Current instabilities similar to those which occur in single diodes can also occur in laser diode bars. In addition to filamentation within individual diodes in the bar, this instability also causes current hogging, in which the current to the common node for all the diodes in the bar is not shared equally among the diodes in the bar. The diodes that hog more current than the average current (average current=total current to the node/the number of diodes in the bar) are prone to overheating and thermal runaway. Note that such an instability is not prevented by using current regulating circuitry or so-called constant current sources to power the laser diode bar.

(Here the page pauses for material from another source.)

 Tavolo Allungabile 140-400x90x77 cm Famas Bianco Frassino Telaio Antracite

Although laser diodes were used here as an example, other devices containing semiconducting junctions such as light emitting diodes and VCSELs are also sometimes arranged in parallel in bars, and the same descriptions and conclusions apply to them as well.
Note that current sharing in laser diode bars can be enforced by using separate resistors in series with each diode in the bar. However, true current sharing requires that the value of the series resistance be approximately as large as the effective resistance of the laser diode, so that the electrical efficiency of such a bar would be reduced by a factor of 2 or more.

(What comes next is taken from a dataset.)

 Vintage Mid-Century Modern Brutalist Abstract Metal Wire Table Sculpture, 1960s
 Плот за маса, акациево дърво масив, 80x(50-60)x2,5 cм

For arrays of these devices driven in series, current hogging is not an issue, since the same total current must pass through each device. However, current filamentation instabilities within each of these devices can still occur with the consequences that have been discussed above.
The concept of driving the individual diodes making up bars in series rather than in parallel may have beneficial effects since current hogging is not allowed and current sharing is imposed in a series configuration. As discussed above, laser diode bars are now driven in parallel for convenience. It is easier to cool these devices from a common, high thermal conductivity, electrode structure—the highly conducting node described above. However, high thermal conductivity, low electrical conductivity materials such as beryllium oxide and diamond can be used as electrical insulators. With these materials to remove heat from the individual diodes, it is possible to contemplate rearranging diode bars into a series configuration. Such a configuration would ensure that the current through each device in the bar is equal, thereby removing the possibility of current hogging. Such configurations however do not remove the possibility of filamentation.
In some instances, the presence of noise can mask or simulate the effects of filamentation.